Lenihan sets out timescale for Nama
MINISTER for Finance Brian Lenihan has said a lot of the National Asset Management Agency (Nama) process will be in place by Christmas.
Speaking on the first edition of Pat Kenny’s new current affairs programme The Frontline on RTÉ One last night, Mr Lenihan also defended the Government’s proposal for Nama to purchase €28 billion in loans from Anglo Irish Bank. “Quite a lot of the Nama process will be in place by Christmas because the bigger loans will be dealt with first,” he said.
Mr Lenihan said Anglo Irish Bank had to be “de-risked”. He said the chairman, chief executive and board of the bank were gone since last December. “I had to pick up the pieces there. That bank would have constituted a systemic threat to our economy.”
He said no bank in the euro zone had been allowed to “go to the wall” during the economic crisis. “The Lehmans policy is not being followed in Europe because the tsunami-like effects of default are enormous,” he said.
Mr Lenihan also said he would not have been able to borrow to pay welfare payments and teachers’ salaries if that had happened to Anglo Irish.
When the Nama process was complete a decision would be taken about what to do with the bank. The options that could be considered included downsizing and eliminating the bank, selling it to someone else or running it as nationalised bank to fund business, he said.
The Minister appealed to members of the audience to “please stop talking about Iceland”, adding that people needed to “be real” about the impact of the financial downturn on that country.

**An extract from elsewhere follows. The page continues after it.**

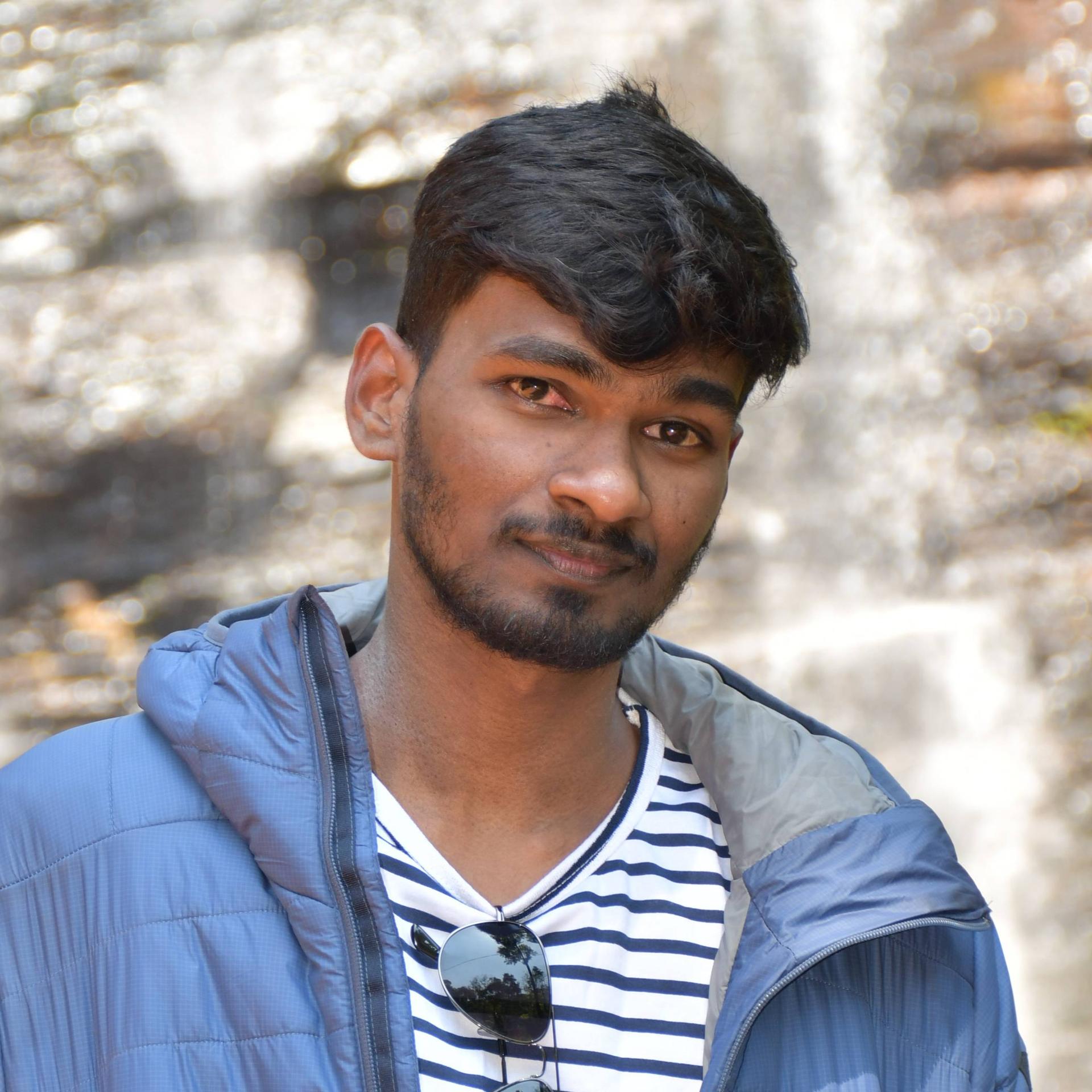 PAVAN KUMAR KALAVAKURI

“Iceland went bust, it’s going to end up with twice the public debt of Ireland and the cutbacks in public expenditure far greater than anything that will have to be done in this country, and they’re seeking to join the euro at present.”
He said Ireland was relying on the expertise of the European Central Bank.

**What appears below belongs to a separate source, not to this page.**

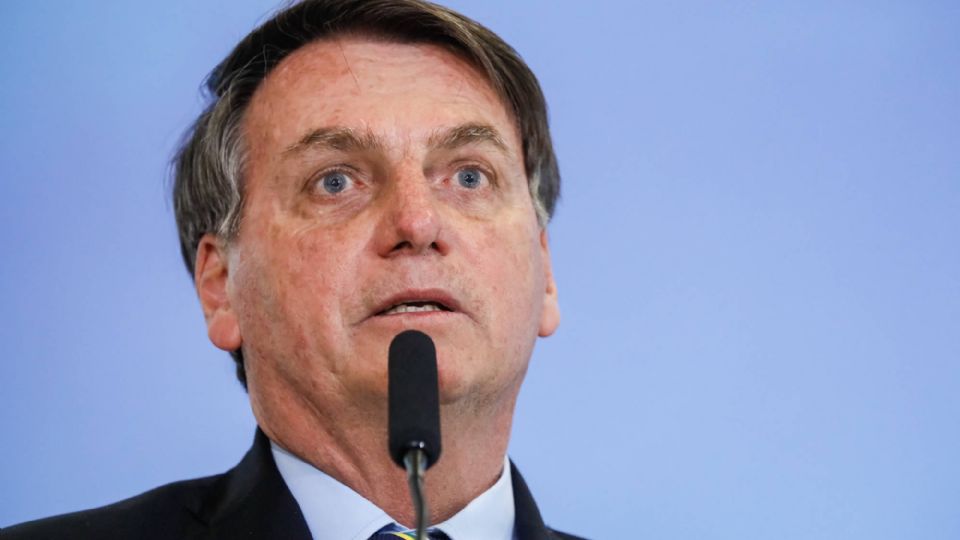 Jair Bolsonaro - Foto: Marcos Corrêa/PR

Meanwhile, Tom Parlon, director general of the Construction Industry Federation, described an anecdote told by Lord Henry Mountcharles on radio recently as a “bullshit story”.
Mr Parlon was referring to Lord Henry Mountcharles’s appearance on the Marian Finucane Show on RTÉ Radio One at the weekend, when he related a story he said he had been told about Irish developers in a Porto Banus restaurant singing about Nama and toasting Mr Lenihan.